Frankie Banks

Personal information
- Full name: Francis Stanley Banks
- Date of birth: 21 August 1945 (age 80)
- Place of birth: Hull, England
- Position: Right-back

Youth career
- Southend United

Senior career*
- Years: Team / Apps / (Gls)
- 1962–1966: Southend United / 4 / (0)
- 1966–1976: Hull City / 288 / (6)
- 1976–1979: Southend United / 75 / (0)
- Great Wakering Rovers
- Purfleet
- Total:  / 367 / (6)

Managerial career
- 1990–1991: Purfleet
- Southend Manor

= Frankie Banks =

English footballer (born 1945)

Francis Stanley Banks (born 21 August 1945) is an English former footballer who played as a right-back.

==Club career==
In 1962, Banks graduated from Southend United's academy to the first team, making four Football League appearances for the club before moving to hometown club Hull City in September 1966. At Hull, Bank made 288 league appearances, scoring six times, over the course of ten years before moving back to Southend in March 1976. In his second spell at Southend, Banks made 75 league appearances, helping the club to win the Fourth Division in the 1980–81 season.
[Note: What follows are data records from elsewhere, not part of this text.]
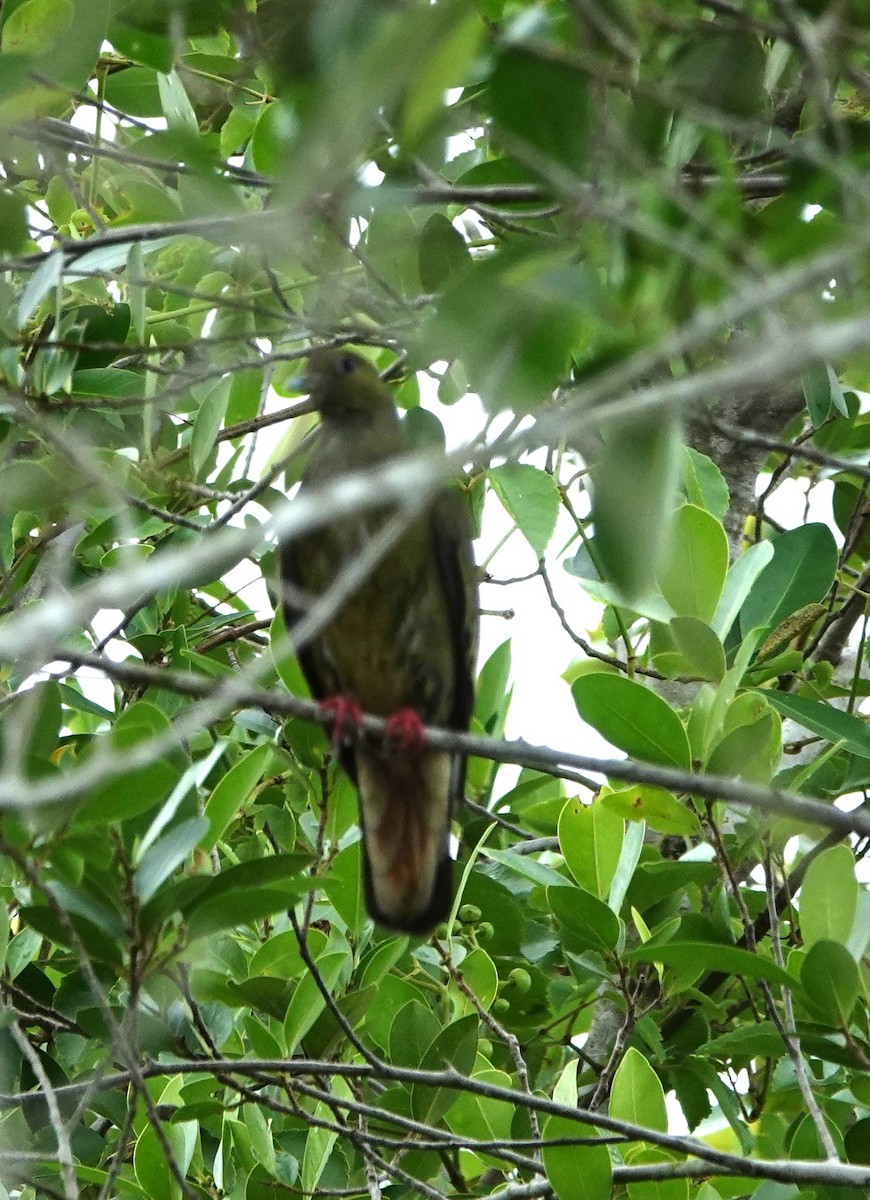 Pink-necked Green-Pigeon - ML643583286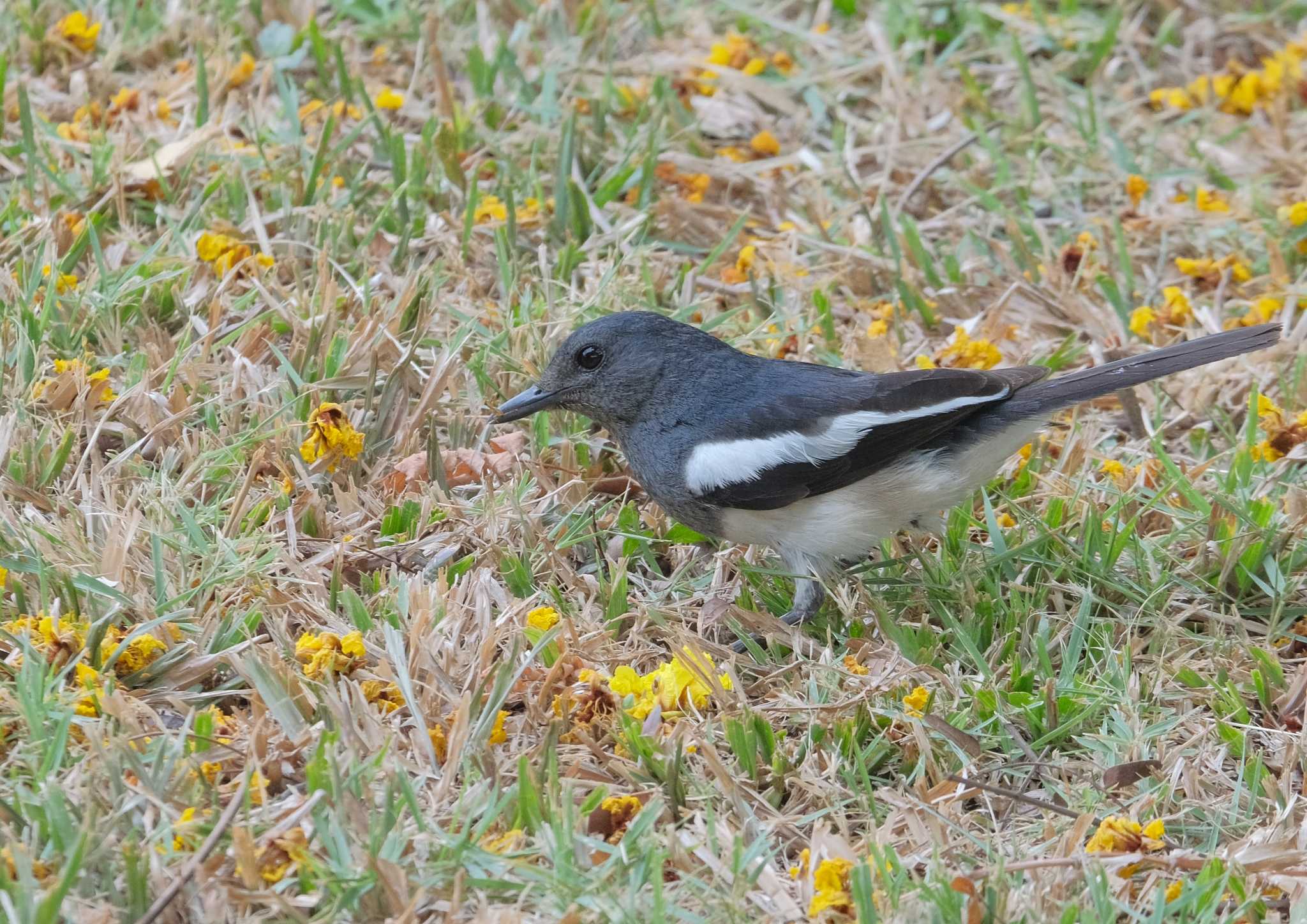 シキチョウ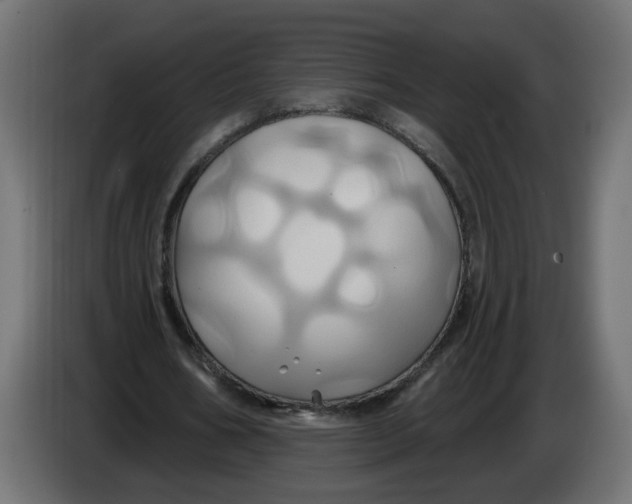 X0000086020578200704131852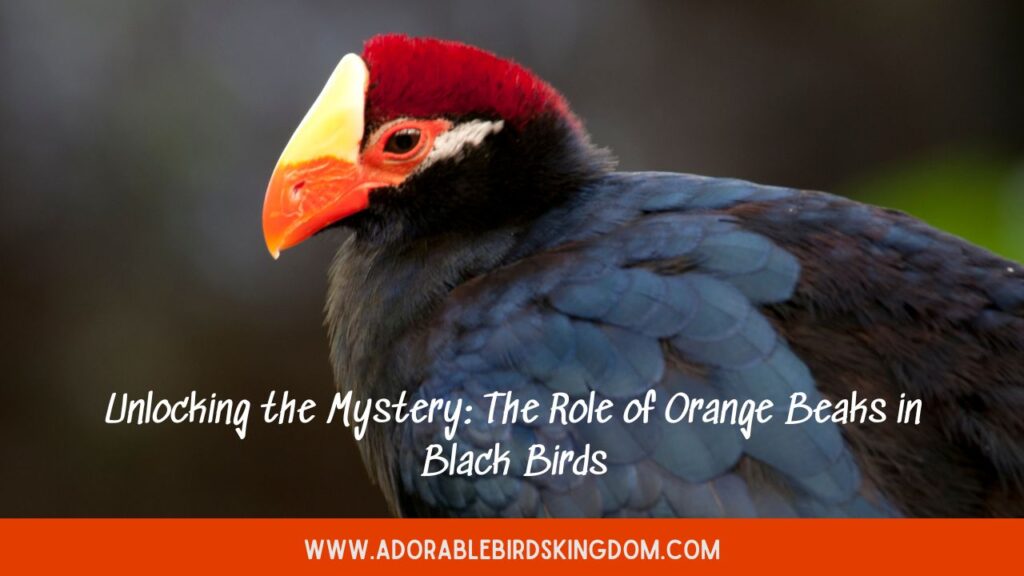 Unlocking the Mystery: The Role of Orange Beaks in Black Birds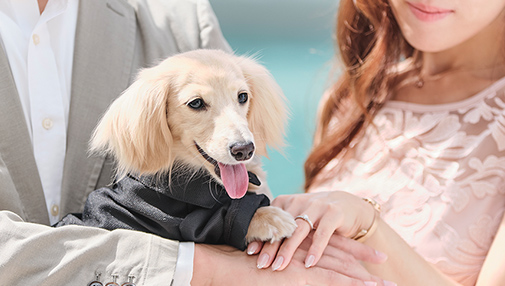 愛犬と一緒に　プロポーズ with DOGプラン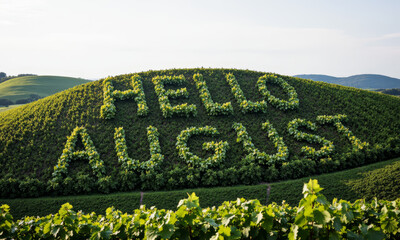 A Shot of a Vineyard, with the Words "Hello August" Spelled Out by the Pattern of Grapevines on a Rolling Hill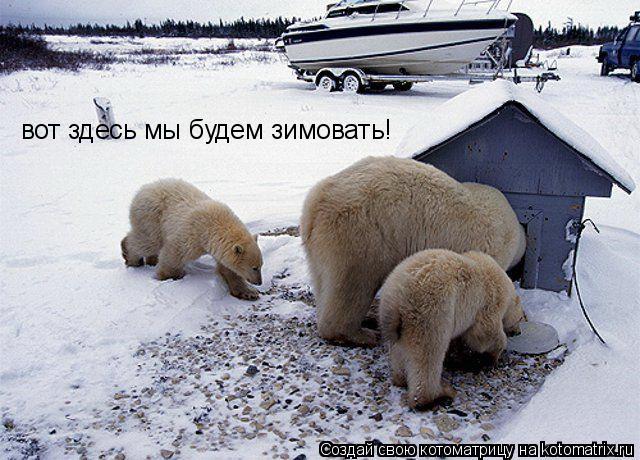 вот здесь мы будем зимовать!... Котоматрица: вот здесь мы будем зимовать!
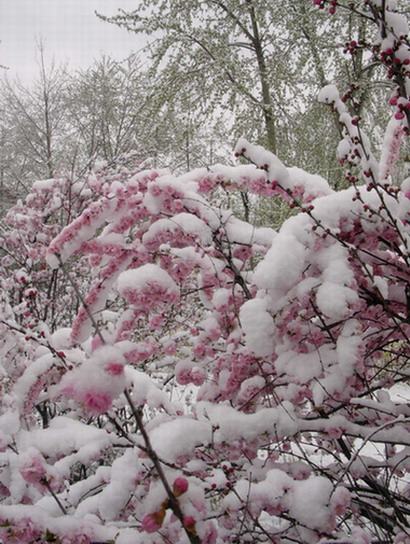 雪景 摄影 菜中菜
Banks later played for south Essex-based clubs Great Wakering Rovers and Purfleet before retiring from playing.

==Coaching career==
Following his playing career, Banks returned to Southend United, taking up roles as a coach, reserve and youth team manager. In 1990, Banks was offered the role of interim manager at Purfleet, after manager Harry Cripps suffered a stroke. Ahead of the 1990–91 season, Banks was offered the Purfleet job on a permanent basis. On 22 July 1991, Banks was appointed manager of Essex Senior League club Southend Manor.